Recorded data
★ ★ ★ ★ ★ ★ ★
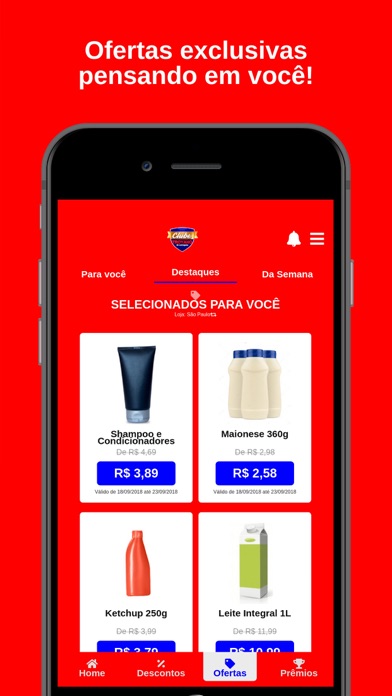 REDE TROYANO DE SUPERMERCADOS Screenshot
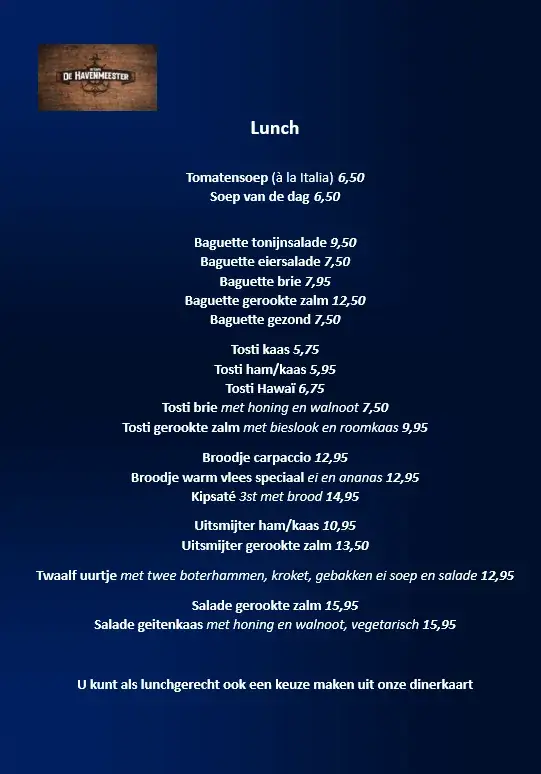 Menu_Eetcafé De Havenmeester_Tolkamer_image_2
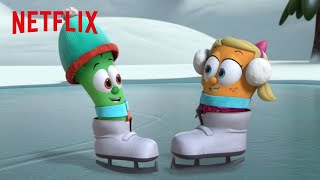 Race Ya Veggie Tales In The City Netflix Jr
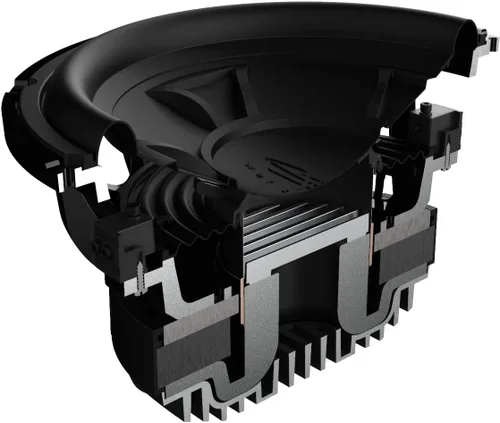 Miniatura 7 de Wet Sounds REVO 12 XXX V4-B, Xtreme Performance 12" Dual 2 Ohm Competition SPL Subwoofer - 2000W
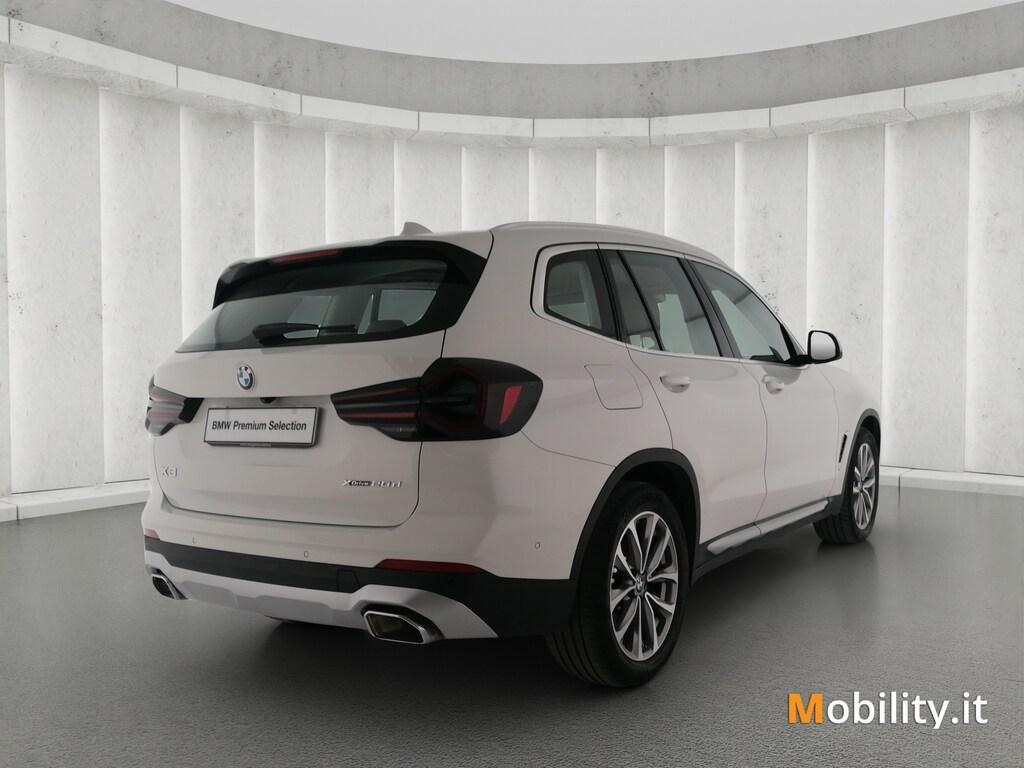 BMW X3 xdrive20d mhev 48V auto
★ ★ ★ ★ ★ ★ ★
To do – Print, without pictures, exactly the lines from the one containing "Menu_Eetcafé De Havenmeester_Tolkamer_image_2" through the final line of the records above.

Completed task –
 Menu_Eetcafé De Havenmeester_Tolkamer_image_2
 Race Ya Veggie Tales In The City Netflix Jr
 Miniatura 7 de Wet Sounds REVO 12 XXX V4-B, Xtreme Performance 12" Dual 2 Ohm Competition SPL Subwoofer - 2000W
 BMW X3 xdrive20d mhev 48V auto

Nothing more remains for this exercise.